Linking soil respiration and water table depth in tropical peatlands with remotely sensed changes in water storage from the gravity recovery and climate experiment

  • Erin Swails
  • X. Yang
  • S. Asefi
  • K. Hergoualc’h
  • L. Verchot
  • R. E. McRoberts
  • D. Lawrence
Original Article


Carbon dioxide (CO2) emissions from Southeast Asia peatlands are contributing substantially to global anthropogenic emissions to the atmosphere. Peatland emissions associated with land-use change, and fires are closely related to changes in the water table level. Remote sensing is a powerful tool that is potentially useful for estimating peat CO2 emissions over large spatial and temporal scales. We related ground measurements of total soil respiration and water table depth collected over 19 months in an Indonesian peatland to remotely sensed gravity recovery and climate experiment (GRACE) terrestrial water storage anomoly (TWSA) data.
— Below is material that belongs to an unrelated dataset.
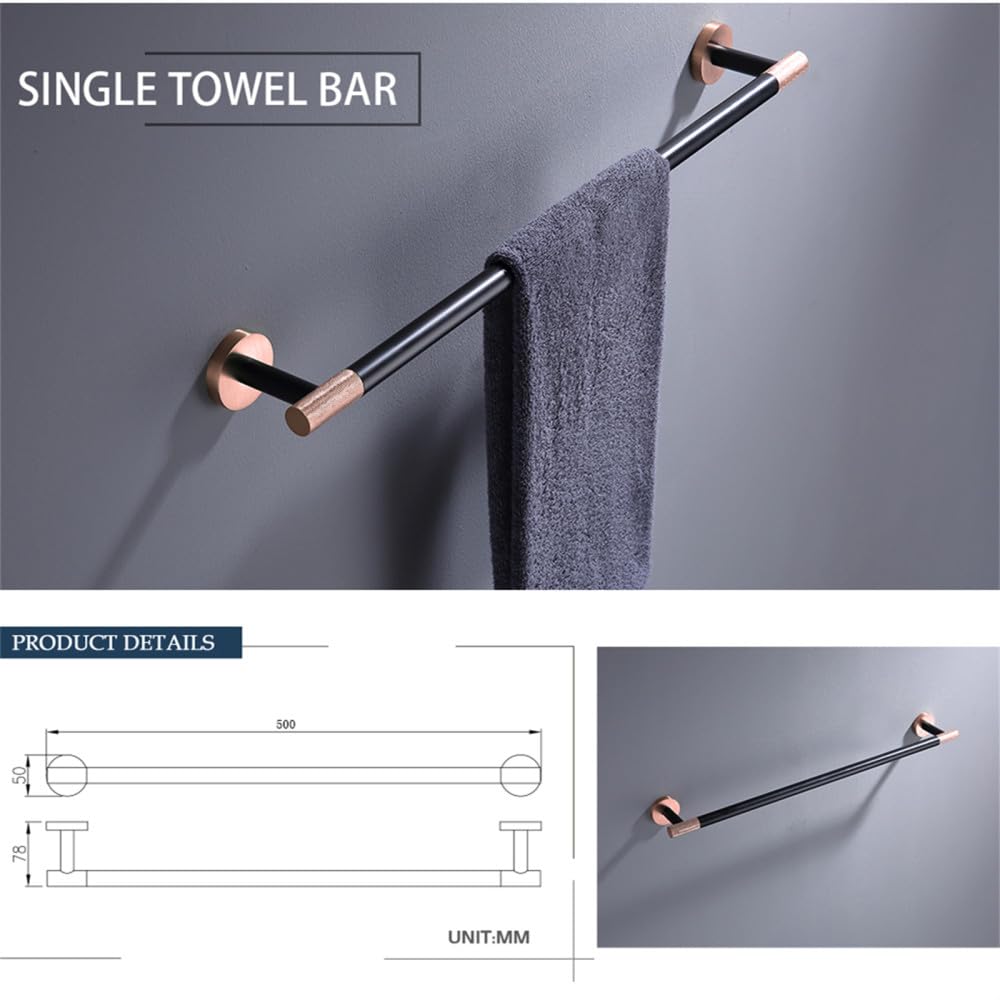 Accesorios de baño Negro Mate de Oro Rosa, Gancho para Albornoz, Soporte para Toalla de Papel, Juego de Barra de Toalla, Barra de Toalla Individual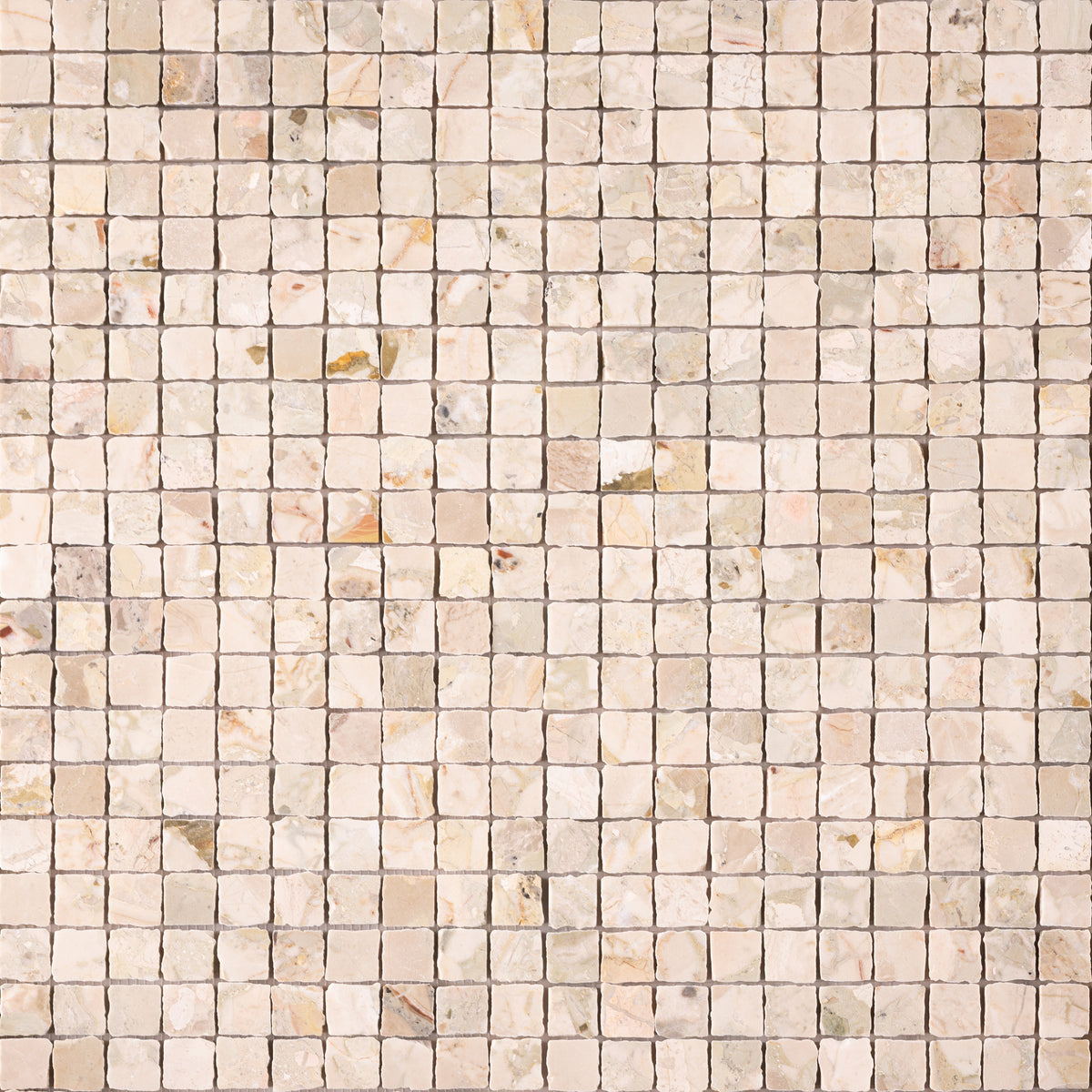 Botticelli Breccia Rose 1x1 Patina Marble Mosaic Tile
GRACE TWSA can be used to predict changes in water storage on land. We combined ground observations from undrained forest and drained smallholder oil palm plantations on peat in Central Kalimantan to produce a representation of the peatland landscape in one 0.5° × 0.5° GRACE grid cell. In both ecosystem types, total soil respiration increased with increasing water table depth. Across the landscape grid, monthly changes in water table depth were significantly related to fluctuations in GRACE TWSA. GRACE TWSA explained 76% of variation in water table depth and 75% of variation in total soil respiration measured on the ground. By facilitating regular sampling across broad spatial scales that captures essential variation in a major driver of soil respiration and peat fires, our approach could improve information available to decision makers to monitor changes in water table depth and peat CO2 emissions. This would enable measures better targeted in space and time to more effectively mitigate CO2 emissions from tropical peat drainage and fires. Testing over larger regions is needed to operationalize this exploratory approach.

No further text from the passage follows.